-- INPUT FOR THIS TASK follows --

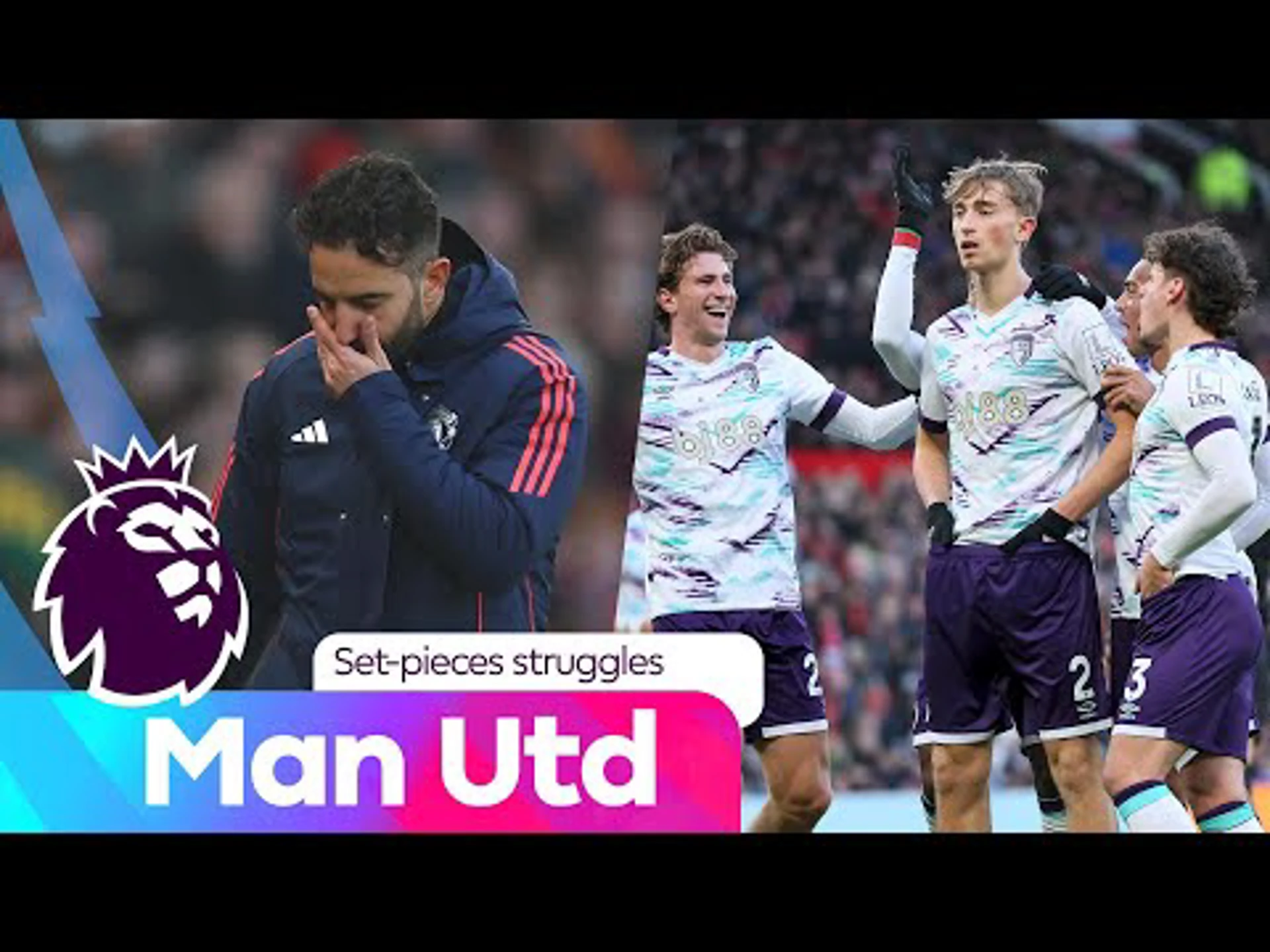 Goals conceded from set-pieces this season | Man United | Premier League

-- INPUT FOR THIS TASK concluded --
-- INPUT FOR THIS TASK follows --

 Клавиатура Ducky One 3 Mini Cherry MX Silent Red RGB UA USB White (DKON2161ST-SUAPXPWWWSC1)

-- INPUT FOR THIS TASK concluded --
-- INPUT FOR THIS TASK follows --

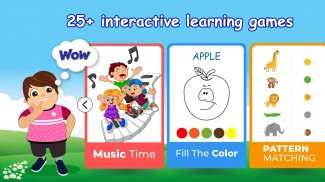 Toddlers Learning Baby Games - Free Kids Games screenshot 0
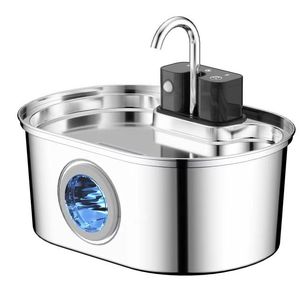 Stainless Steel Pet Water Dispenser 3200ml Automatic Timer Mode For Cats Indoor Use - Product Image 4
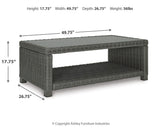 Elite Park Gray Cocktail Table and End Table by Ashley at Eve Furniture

-- INPUT FOR THIS TASK concluded --

**EXERCISE INSTRUCTIONS**: In the listing above, find the line with "Stainless Steel Pet" and the line with "Elite Park Gray". Output both, plus every line between them, and no pictures.

**SOLUTION FOR THIS PROBLEM**:
 Stainless Steel Pet Water Dispenser 3200ml Automatic Timer Mode For Cats Indoor Use - Product Image 4
 Elite Park Gray Cocktail Table and End Table by Ashley at Eve Furniture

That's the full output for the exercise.